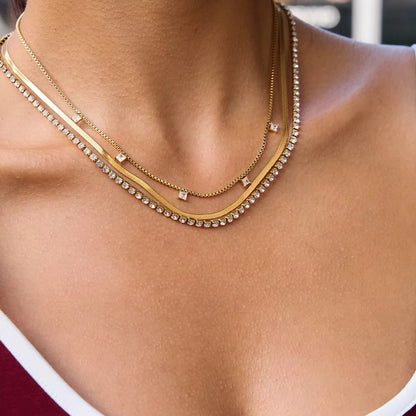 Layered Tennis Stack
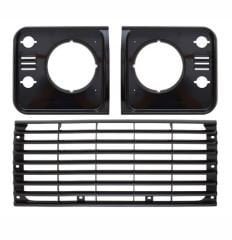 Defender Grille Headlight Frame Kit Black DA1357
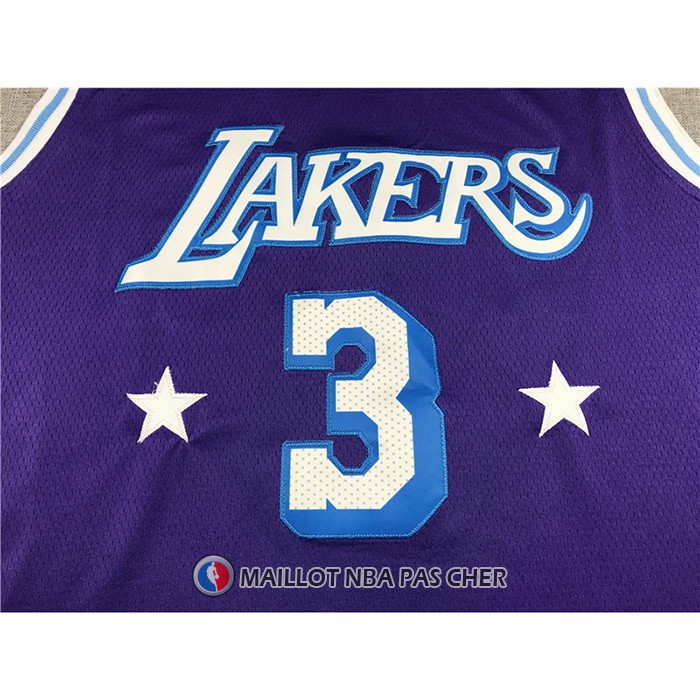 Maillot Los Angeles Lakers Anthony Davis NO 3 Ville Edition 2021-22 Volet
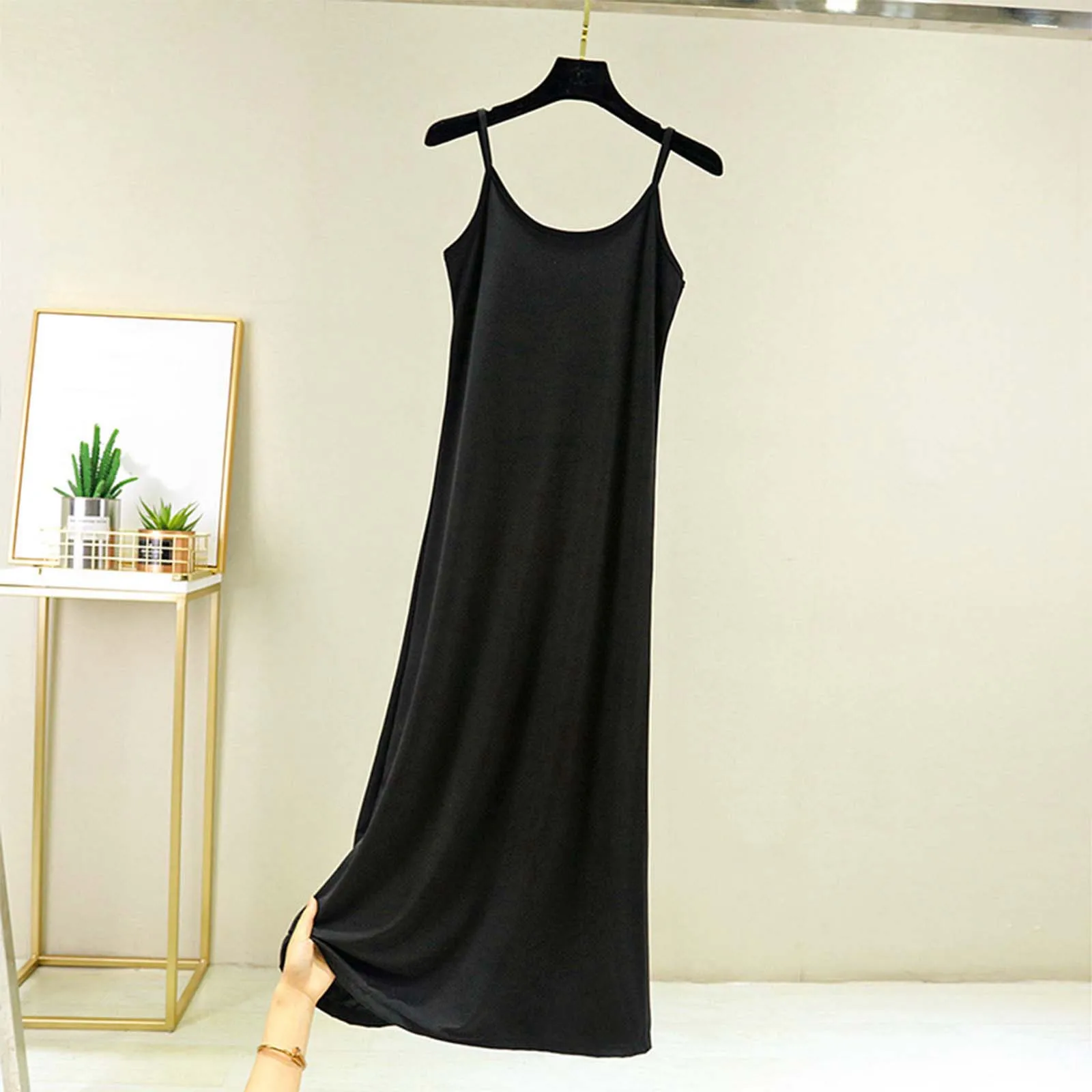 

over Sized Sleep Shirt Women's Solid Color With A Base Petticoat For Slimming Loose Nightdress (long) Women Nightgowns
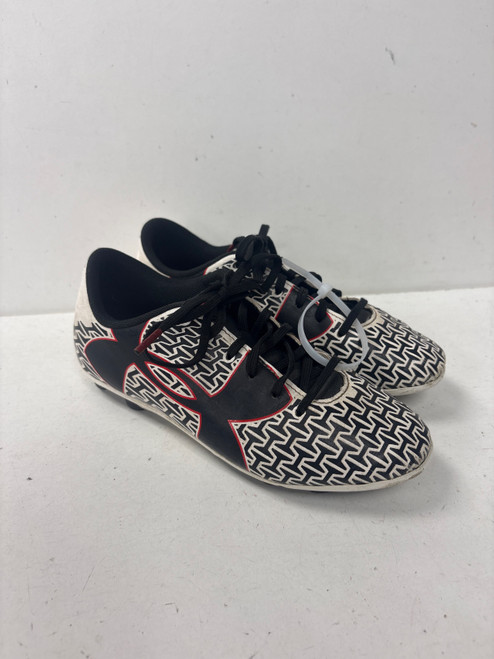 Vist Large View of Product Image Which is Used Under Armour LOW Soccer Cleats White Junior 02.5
--
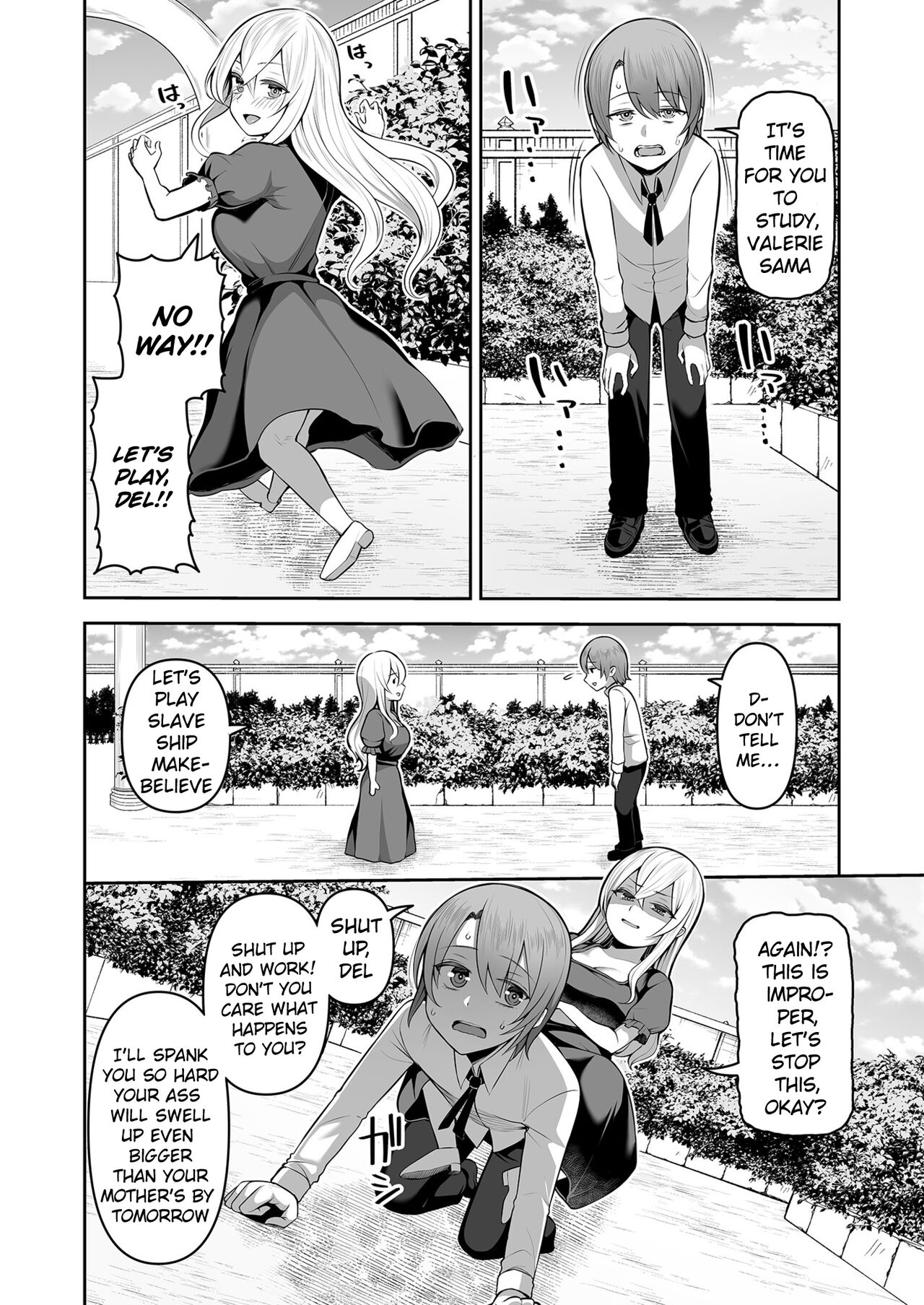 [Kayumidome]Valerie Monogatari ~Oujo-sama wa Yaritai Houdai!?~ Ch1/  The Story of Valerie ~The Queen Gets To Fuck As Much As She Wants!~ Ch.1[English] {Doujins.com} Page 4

Directions for this task
Give back exactly the lines of the listing above from the one that contains "over Sized Sleep" up to and including the one that contains "Vist Large View", but not the pictures, and no other lines.

Response
over Sized Sleep Shirt Women's Solid Color With A Base Petticoat For Slimming Loose Nightdress (long) Women Nightgowns
 Vist Large View of Product Image Which is Used Under Armour LOW Soccer Cleats White Junior 02.5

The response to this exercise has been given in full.